While at its heart it is a grassroots enterprise made up of people simply fed up with their government, the Tea Party would have remained just another fringe movement were it not for Fox News, who became the Party’s early champion, covering the Party’s growth from its small beginnings in February 2009, to today where the Tea Party has its own recognized candidates within the Republican Party, its own caucus, and forms its own response to the State of the Union address. It is highly unlikely that any of this would have been possible were it not for the platform that the Fox News Network provided the movement, particularly by providing daily air time to Glenn Beck.

Beck, who has since left Fox, was the poster boy for leftist exasperation, Jon Stewart’s cannon fodder and what liberals point to as everything that is wrong with conservative America. He was one of the brashest and most brazen of Tea Party supporters, and it is hard to deny that much of what he said was hyper-charged rhetoric, frequently full of falsehoods, and at times bordered on insanity; however, Beck breathed fire into the movement and helped to organize the Tea Party (something the left-wing Occupy movement is sorely lacking) and solidify their national status.

The movement is not only here to stay, but it is getting stronger.

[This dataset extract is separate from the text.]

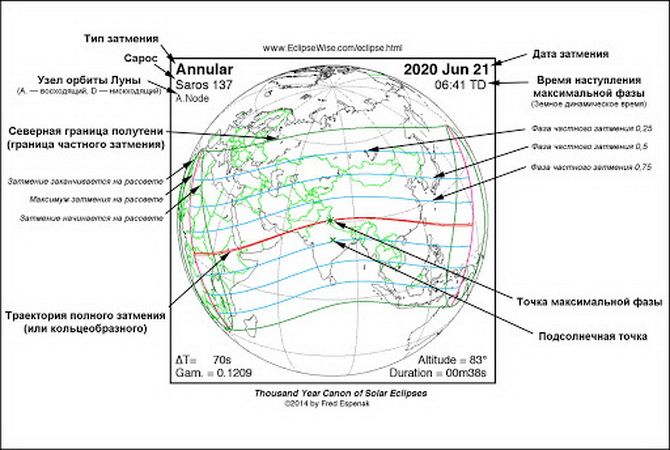 Солнечное затмение 21 июня 2020 года: когда и где его будет видно 1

The Tea Party currently has 62 members of the House of Representatives and 4 senators making up its caucus, and has a very realistic chance of splitting the Republican Party in two. The highly conservative anti-spend, anti-government involvement Tea Party on one side, and a more moderate-conservative new Republican Party on the other; the Tea Party has the potential to achieve what dozens of other political movements have failed to do in America’s almost 250 year history: break up the two party system. Fox’s role is undeniable.

While the opinions propagated by Fox News may make leftists cringe, it is important to remember that they also represent the sentiments of roughly half of the population of the most powerful nation in the world. Those are opinions that, however unseemly to some, must be heard and considered.  After all, the mob is fully entitled to participate in democracy.

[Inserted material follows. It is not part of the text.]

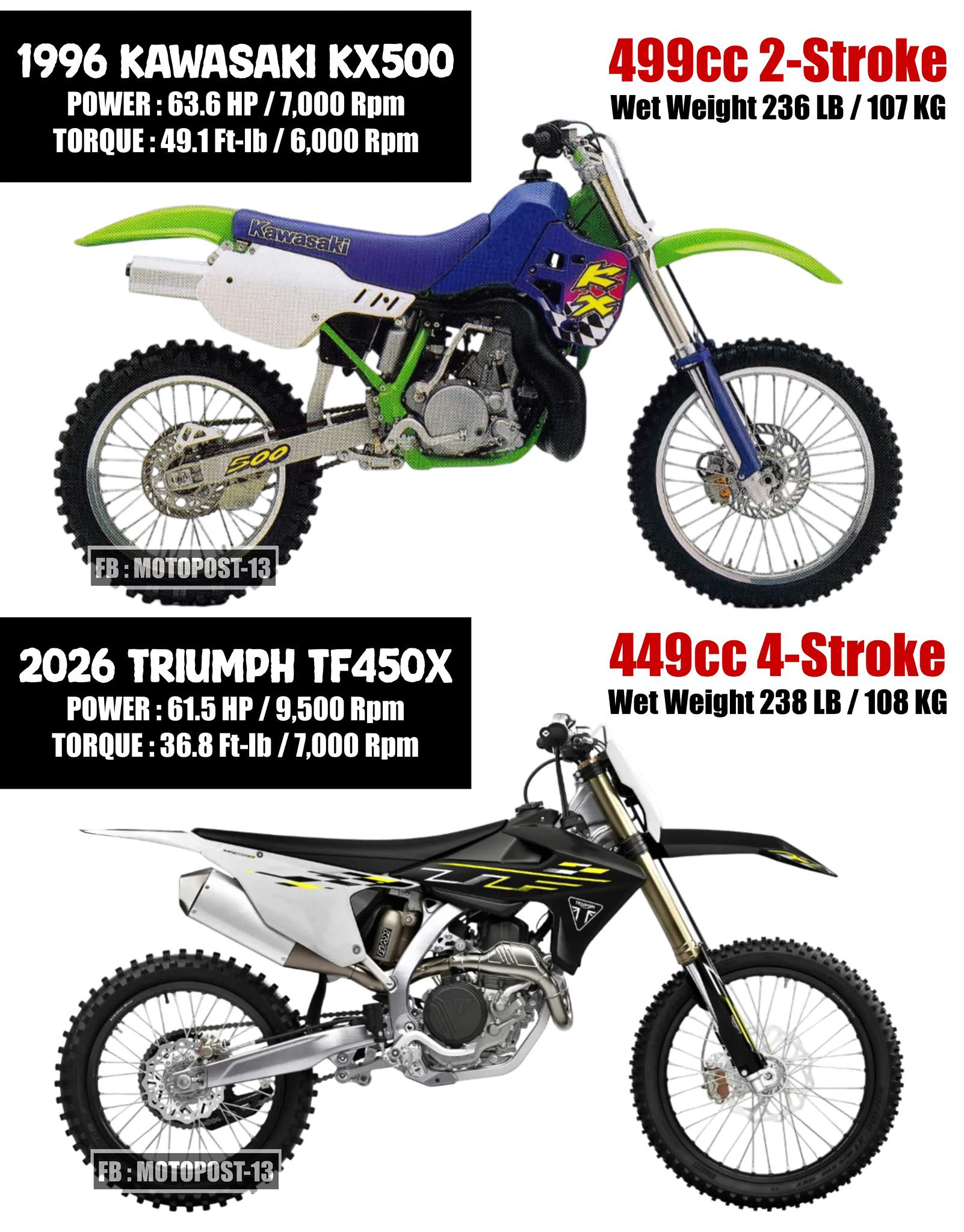 Why use T4 or T6 when T5 has all required features for Kawasaki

Our Conservative government likes to say that Canada is becoming a more conservative place, that Conservative values are Canadian values. The last four elections tell us that they are not wrong – the Conservatives captured 40 per cent of the popular vote en route to their majority government, a number that has increased in every election since Stephen Harper became party leader.

If conservative supporters want a network that puts a conservative slant on stories, then let them have it. We should all, left or right, embrace Sun News and the dialogue it can create, if for no other reason than that it will fuel the dormant leftist passion that has been lacking in recent years.

If Sun News can get its act together, the conversations and debates will benefit and our political society will be better for it.